Oberbürgermeister Henle antwortete: „Wir haben einen extrem regenreichen Winter hinter uns.” Daher sei das Erdreich Anfang Juni kaum dazu fähig gewesen, die Niederschläge aufzunehmen. Angesichts dieser Lage habe Leutkirch die Flut noch einigermaßen glimpflich überstanden. Nächsten Montag (8.7.) werde die Stadtverwaltung mit Gewässerfachleuten der Landesverwaltung darüber sprechen. Henle ergänzte, ihm gehe es darum, „von der ideologischen zur praxisorientierten Politik“ zu kommen. Also zum Beispiel nicht j e d e n Biberdamm im Fetzachmoss und drumrum erhalten zu müssen. Das Stadtoberhaupt: „Da werde ich auch die Ministerin einladen.” Denn im benachbarten „Bayern ist man da schon weiter”.
„Deshalb kämpfe ich”
„Ich hab’s überlebt.” So die Erinnerung von Eschach-Bäckerin Monika Lichtensteiger (Bild) zur ausufernden Eschach Anfang Juni. Ihr Brot- und Kuchen-Paradies hatte schon kurz nach dem Hochwasser wieder geöffnet. Nach den Wetter-Extremen befürchte sie jetzt allerdings manche Unbilden von St. Bürokratius. Die Bäcker-Meisterin beklagte, dass ihrer Kundschaft die Anfahrt zum Laden erheblich erschwert werde durch Staus auf der Isnyer Straße in Richtung Kempter Straße. Diese Notlage lasse sich vermutlich durch eine „Beampelung“ dort lösen. Kommt sie? Und falls ja: wann und wie? Die Bäckerei sei schließlich ihre und ihrer Familie Lebensgrundlage. „Deshalb kämpfe ich“, betonte Monika Lichtensteiger. OB Henle wies darauf hin, dass die so angesprochenen Routen Landesstraßen seien. Zugleich versprach Henle Monika Lichtensteiger aber: „Wir klären das ab.”

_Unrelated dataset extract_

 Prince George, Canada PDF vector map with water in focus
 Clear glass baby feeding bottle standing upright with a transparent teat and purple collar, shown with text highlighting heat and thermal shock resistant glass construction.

„Muss das HMG tatsächlich abgerissen werden?“
Karl-Heinz Schweigert (Bild) erklärte, er spreche hier vor allem „für die Schwächeren”. Etwa die auf Fahrradsätteln. Dann wollte er wissen: „Wie gehen wir mit unseren Bausubstanzen um?“ Stichwort: Hans-Multscher-Gymnasium (HMG). Werde das Gebäude tatsächlich abgebrochen – oder gäbe es noch Chancen zur Erhaltung? OB Henle erinnerte daran, dass das bestehende HMG-Haus vom 1977/1978 bauenden Generalunternehmer in seiner Baustatik „zu 99,8 Prozent ausgereizt” worden sei. Ergebnis: „Wir haben diese Problematik der Statik.“ Deshalb falle ein Bestandsschutz so schwer. Zumindest habe dies eine Kommission der Stuttgarter Kultusministerin so festgestellt.
„Wie lange geht die Baustelle mit der Fernwärme?“
Carmen Oberem-Lutz (im Bild rechts) wollte wissen: „Wie lange geht die Baustelle mit der Fernwärme?”. Darauf OB Henle: So kurz wie irgendmöglich. Einen genauen Zeitpunkt dafür könne er aber jetzt noch nicht nennen.
Fragen zu Verkehrsproblemen
Ein Bürger aus Reichenhofen machte darauf aufmerksam, dass Leute auf Fahrrädern durch Auto-Scheinwerfer gefährlich geblendet werden würden. „Ich habe schon ein paarmal so gefährliche Situationen erlebt”, berichtete er. Seine Frage: Könne eine Markierungslinie auf dem Radweg nicht für etwas bessere Orientierung sorgen. Anschließend gab es mehrere Hinweise auf Ampeln. Etwa die von Bäckerin Lichtensteiger vermisste in der Kemptener Straße / Oberen Vorstadtstraße. Oder auch eine an der Herlazhofer Straße. Diese könne am Wochenende doch abgeschaltet werden, da dann dort keine Schule unterrichte, meinte einer auf den Besuchsplätzen. Zu den technischen Details meinte Oberbürgermeister Hans-Jörg Henle: „Diskussionen, wie die Ampel geschaltet wird, können wir im Gemeinderat nicht diskutieren.” Vor dem Übergang zu den 16 (!) folgenden Tagesordnungspunkten resümierte Henle: „Das war in meinem beruflichen Leben die längste Bürgerfragestunde.”